11. Dealing with this case, S.R. Das, C.J., speaking for the majority in Garikapati Veeraya's case, : [1957]1SCR488 that this case was an example of the vested right of appeal being taken away, not by the abolition of the Court of appeal, but by an express or necessary intendment of the saving clause.

12. The case illustrates the principle that even where the Court of appeal continues to exist, but the provision conferring the right of appeal is repealed prospectively, it shows an intention that the vested right of appeal in previously instituted cases was not to be exercised in the new Court of appeal.

12-A. The Amending Act of 1954 also provided a saving clause in Section 3. It stated:--

'3. Savings. (1) Any amendment made by this Act shall not affect the validity, invalidity, effect or consequence of anything already done or suffered, or any right, title, obligation or liability already acquired, accrued or Incurred or any release or discharge of or from any debt, decree, liability, or any jurisdiction already exercised, and any proceeding instituted or commenced in any Court prior to the commencement of this Act shall, notwithstanding any amendment herein made, continue to be heard and decided by such Court.

(2) Where by reason of any amendment herein made in the Indian Limitation Act, 1908, or any other enactment mentioned in column 2 of the Schedule, the period of limitation prescribed for any suit or appeal has been modified, or a different period of limitation will hereafter govern any such suit or appeal, then, notwithstanding any amendment so made or the fact that the suit or appeal would now lie in a different Court, the period of limitation applicable to a suit or appeal, as aforesaid, in which time has begun to run before the commencement of this Act shall continue to be the period which but for the amendment so made would have been available.'

Sub-section (1) preserves the rights which had already accrued or had already been acquired. So, the substantive right of appeal which had accrued to a litigant would remain unaffected by any amendments introduced by the amending Act of 1954. Sub-section (2), however, seems to restrict this wide implication of Sub-section (1). Under it, where the periodof limitation for any suit or appeal has been modified or a different period is prescribed by the amendments, then notwithstanding the amendments, and further, notwithstanding the fact that the suit or appeal would now lie in a different Court, the period of limitation applicable to the suit or appeal in which time has begun to run before the commencement of this Act, shall continue to be the period which, but for the amendments so made, would have been available.
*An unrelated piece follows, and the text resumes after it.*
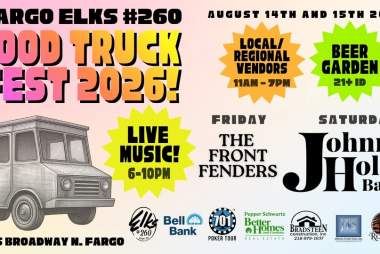 Fargo Elks Food Truck Fest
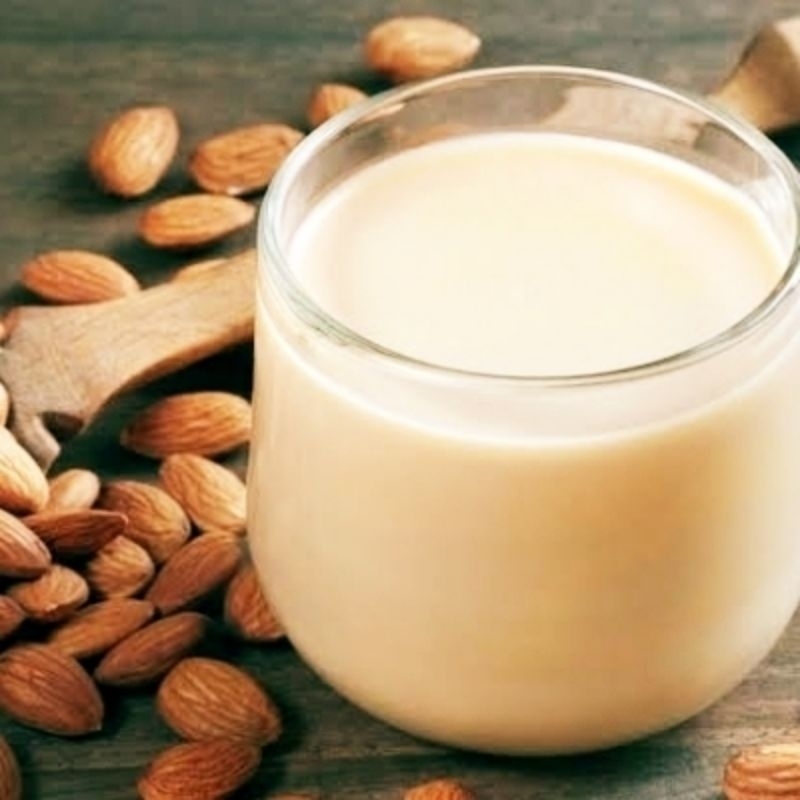 

⭐ fresh susu almond murni 1 liter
Two things are significant. The pre-existing period of limitation would continue to be available only where it had begun to run, that is to say in cases where the decree or order had been passed before the commencement of the Act. The previously prescribed period of limitation would not be available if the suit was pending, and the decree or order had not been passed till that date. In this way, the right of appeal was curbed and modified in respect of its period of limitation.

13. Secondly, the effect in relation to the period of limitation has been expressly stated to operate notwithstanding the fact that an appeal would now lie in a different Court. Sub-section (2) deals with suits filed prior to the date of the commencement of the Act. It says that though the appeal would now He in a different Court, yet in decided suits the previously prescribed period of limitation for an appeal would nonetheless be available. The necessary intendment appears to be that an appeal in suits pending on that date would lie in the new forum; because otherwise the phrase 'notwithstanding the fact that the appeal would now lie in a different Court' would fulfil no purpose, carry no meaning. If this phrase had not been there, the position would have been that the appeal would have lain to the old Court, but if time had begun to run, the old period of limitation would be available. The legislature cannot be presumed to be indulging in surplusage. The conclusion seems inescapable that this phrase was designed to catch and canalise the right of appeal in pending suits.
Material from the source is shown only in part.